C’est pourquoi, un second ensemble d’expériences en champ se pencha sur la composition des mélanges fleuris et leur attractivité pour une diversité d’ennemis naturels. Les traits fonctionnels des fleurs furent considérés du fait de leur effet sur le comportement des insectes. Dans un premier temps, l’hypothèse que des mélanges fleuris ayant une diversité fonctionnelle élevée attirent et maintiennent une grande diversité et abondance de prédateurs de pucerons fut testée. Cette hypothèse ne fut pas vérifiée. Il fut supposé que la densité élevée, dans quelques unités expérimentales, de certaines espèces de fleurs (en particulier l’Asteraceae Leucanthemum vulgare Lam.) connues pour être particulièrement attractives, a pu prendre le dessus sur l’effet de la diversité fonctionnelle.

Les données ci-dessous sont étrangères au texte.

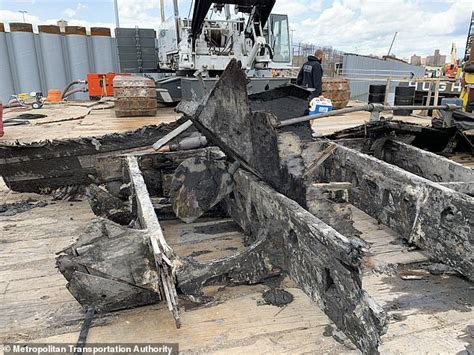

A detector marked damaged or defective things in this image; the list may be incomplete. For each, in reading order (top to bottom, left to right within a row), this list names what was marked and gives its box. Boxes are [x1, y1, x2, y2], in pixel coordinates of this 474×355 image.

broken wooden rib [125, 156, 181, 328]
broken wooden rib [224, 171, 386, 354]
broken wooden rib [312, 142, 474, 280]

Dans un second temps, une méthodologie fut développée dans le but d’identifier les traits fonctionnels qui effectivement affectent l’abondance des ennemis naturels – dans cette expérience les parasitoïdes des ravageurs coléoptères du colza (Meligethes spp. [Coleoptera : Nitidulidae] et Ceutorhynchus spp. [Coleoptera : Curculionidae]) – dans les mélanges fleuris. Parmi sept traits, ceux relatifs à la vision (couleur, réflectance ultra-violette) et à la disponibilité en ressource alimentaire (morphologie de la corolle) eurent un effet significatif sur l’abondance en parasitoïdes.
Ces résultats soulignent que (i) accroitre la diversité végétale à l’échelle parcellaire peut – mais non systématiquement – favoriser une diminution de l’abondance en insectes ravageurs, (ii) inclure des espèces florales peut accroitre certains – mais pas tous les – ennemis naturels, et (iii) pour composer des mélanges fleuris attractifs pour les ennemis naturels, certains traits floraux particuliers – plutôt que la diversité fonctionnelle à l’échelle du mélange – pourraient être considérés.
Ces résultats sont discutés dans une optique plus large. En effet, les stratégies de diversification des habitats cultivés et non-cultivés au sein des agroécosystèmes sont diverses, tout autant que les moyens de composer, gérer et agencer ces habitats. De plus, des processus à des échelles supérieures que celle du champ cultivé peuvent être déterminants. Enfin, les insectes ne sont pas les seuls ravageurs, et les ravageurs les seuls éléments biotiques ou abiotiques qui doivent être régulés dans les agroécosystèmes. Réguler les populations de ravageurs et offrir une diversité de services écosystémiques de manière conjointe représente un défi scientifique pour les recherches futures.